Les catégories sont les a priori de l’entendement. En somme, elles sont présentes pour la synthèse des divers donnés nous venant de la sensibilité. Comme nous le savons la philosophie de Kant est basée sur le principe de non-contradiction, de ce fait notre sensibilité avec ses a priori qui sont le temps et l’espace offrent des conditions de possibilité à la sensibilité et cette connaissance sensible pour qu’elle soit connaissance synthétique elle doit faire l’objet de synthèse par les catégories. Dont Kant nous propose douze. Et pour qu’il ait connaissance en tant que telle, il faut aller jusqu’au schématisme qui est cette méthode qui permet aux catégories de se temporaliser et se spatialiser. Ainsi offrant un terme homogène à la synthèse. Exemple des catégories temporalisées et spatialisées: l’imagination qui devient une image.
Bonjour,
y a-t-il eu des réponses critiques de cet ouvrage car je ne suis pas d’accord avec la façon dont Kant définit la connaissance à priori ainsi que sa façon de traiter les jugements analytiques et synthétiques.
Merci d’avance 😉
Merci à vous, moi j’aimerais savoir dans quelle mesure peut-on dire que le rationalisme kantien est la synthèse de l’empirisme et du rationalisme dogmatique ?
Bonjour. Je voudrais savoir en quoi consistent les concepts de la sensibilité de l’entendement et de la raison chez Kant?
Merci d’avance.
Merci pour la citation de Kant. J’aimerai savoir cette citations aussi la réponse…
La raison sans la pensée est vide,la pensée sans l’expérience est aveugle
Bonsoir, comment les jugement synthétique a priori sont ils possible dans les mathématiques ? J’ai pas bien compris.
Bonjour Mouhamed ! Je me permets de vous proposer une réponse rapide. Pour Kant, les jugements synthétiques tendent à augmenter la connaissance d’une chose en apportant un supplément gnoséologique à son concept (ex : la table pèse 5 kilos, les 5 kilos ne sont pas contenus dans le concept de table). Pour les mathématiques c’est presque pareil : 5+7=12, 12 n’est pas contenu ni dans 5 ni dans 7, il faut une opération de l’esprit pour réaliser le calcul. Un calcul qui d’ailleurs n’a pas besoin de l’expérience, on peut simplement s’imaginer un tableau blanc dans sa tête ; donc a priori !
J ai également compris que kant voulais aussi dire que 12 pouvait s obtenir de plusieurs façon de calculer et non pas uniquement par 5+7
Je trouve que le texte d’introduction est très bien fait, notamment en définissant la différence entre un jugement analytique et un jugement synthétique. C’est aussi ce que fait Kant au paragraphe IV de son introduction. Cela permet de comprendre comment Kant a bâti le plan de sa Critique, qui elle-même est un jugement: le fameux Tribunal de la Raison.

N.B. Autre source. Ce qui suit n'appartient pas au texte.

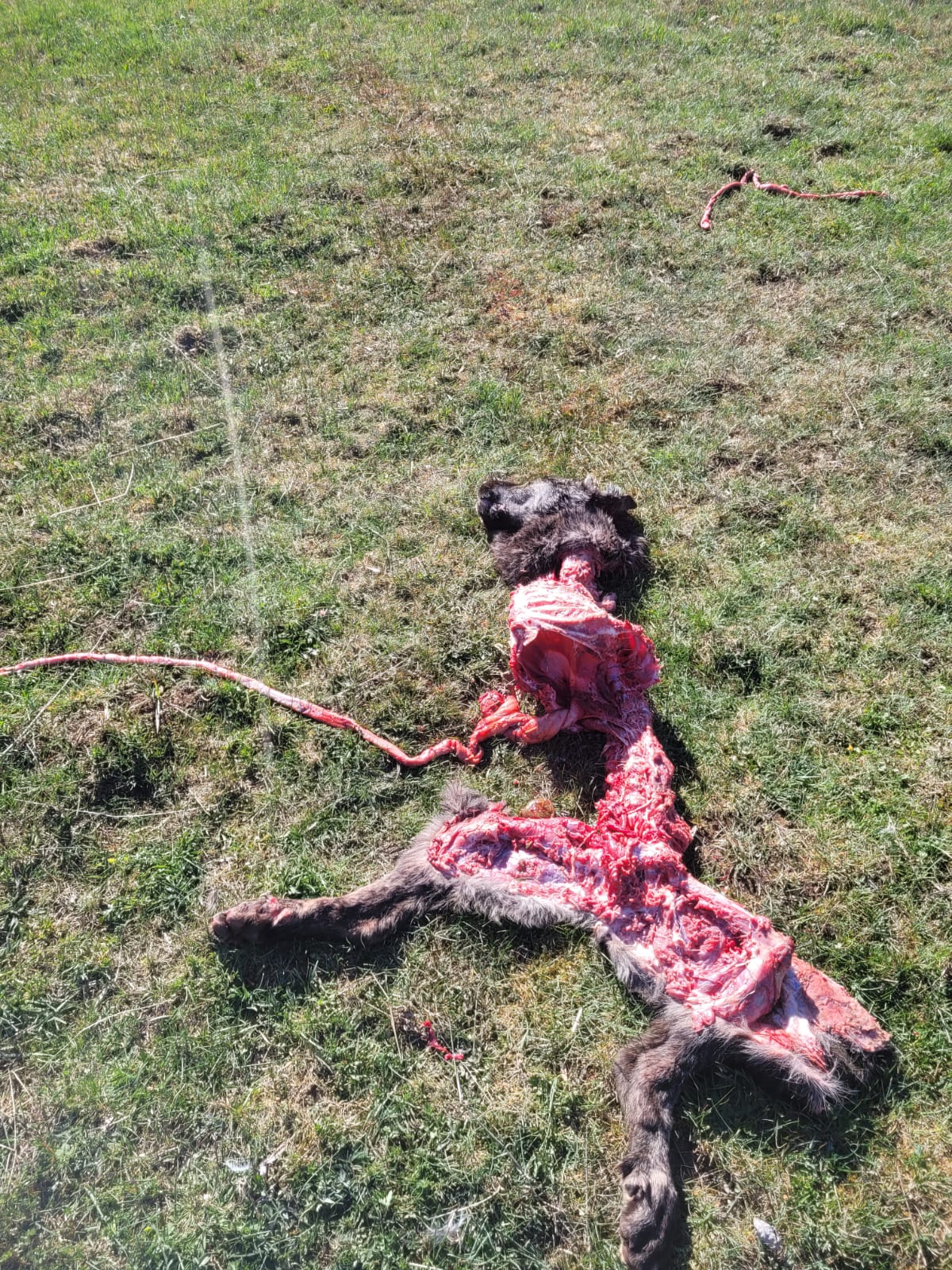 Ataque de lobos a una yeguada en León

Ce qui est très bien expliqué aussi est le contexte socio-culturel de son temps, à savoir “le champ de ruine” qu’est devenue la métaphysique et le choc culturel qu’a été pour Kant la lecture du Traité de l’entendement de Hume.
D’un côté la prétention de la métaphysique à connaitre ses objets comme, par exemple: Dieu, l’Âme ou le Monde; de l’autre la théorie de psychologisante de Hume selon laquelle l’esprit façonne ses jugement (par exemple celui de la causalité) par répétition et habitudes. D’un côté l’idéalisme, de l’autre l’empirisme. D’un côtés des idées déjà là dans l’esprit humain, l’innéisme; de l’autre la page blanche d’un esprit vierge – théorie de Locke -, l’acquisitionnisme.

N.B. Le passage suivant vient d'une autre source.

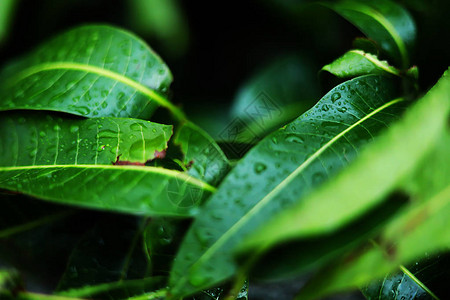 芒果树叶上的雨滴图片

Kant effectivement se place à mi-chemin et propose ce que l’on appelle l’idéalisme transcendantal: il-y- à la fois des éléments innés que sont les catégories pures de l’entendement et les deux sensibilités pures a priori que sont l’espace et le temps et de l’autre des éléments qui proviennent du monde extérieur dans lequel l’homme évolue. C’est la lecture de Hume qui lui fait admettre ce second point. Kant lui donne raison en ce sens que pour lui, il indubitable que ce qui vient en premier ce sont les informations que mon corps perçoit de l’extérieur, ce que Kant appelle l’intuition. Attention à ne pas confondre avec l’intuition que d’autre philosophes, comme Descartes, définissent comme ce qui provient essentiellement de l’intellect. L’intuition kantienne ce sont les “données” des sens et c’est pourquoi sa Critique démarre par l’esthétique: ce que mes sens perçoivent. Cependant il ne peut pas suivre Hume dans ses conclusions psychologisantes car elles impliqueraient que chaque esprit pourrait alors avoir sa propre vérité et par conséquent qu’aucune science ne serait possible. Kant veut lutter à tout prix contre ce scepticisme et la seule manière possible c’est de montrer qu’il-y-a des structures de l’esprit humain communes à toute l’espèce: d’un côté les catégories pures, de l’autre les intuitions pures de l’espace et du temps. Il n’y a pas de table rase (tabula rasa): des structures préexistent dans l’esprit. Toute la théorie kantienne va consister à montrer comment ces structures a priori vont pouvoir se combiner avec les intuitions a posteriori pour former une pensée du type “jugement” et arriver ainsi à la connaissance. Il va définir l’Entendement comme le centre actif de cette combinaison sous la forme d’une synthèse. Mais Concepts et Intuitions sont de natures radicalement inhomogènes et il faut donc que l’entendement réalise cette synthèse en employant une “grille de lecture”. Ce sera le rôle du schématisme transcendantal qu’il va développer juste après son esthétique transcendantale. Un schématisme qui est la structure de base de sa Logique Transcendantale. On peut donc voir ce transcendantalisme kantien comme ce passage du concept à l’objet, ou plus exactement comme étant les conditions de possibilité qui ont permis de “constituer” l’objet.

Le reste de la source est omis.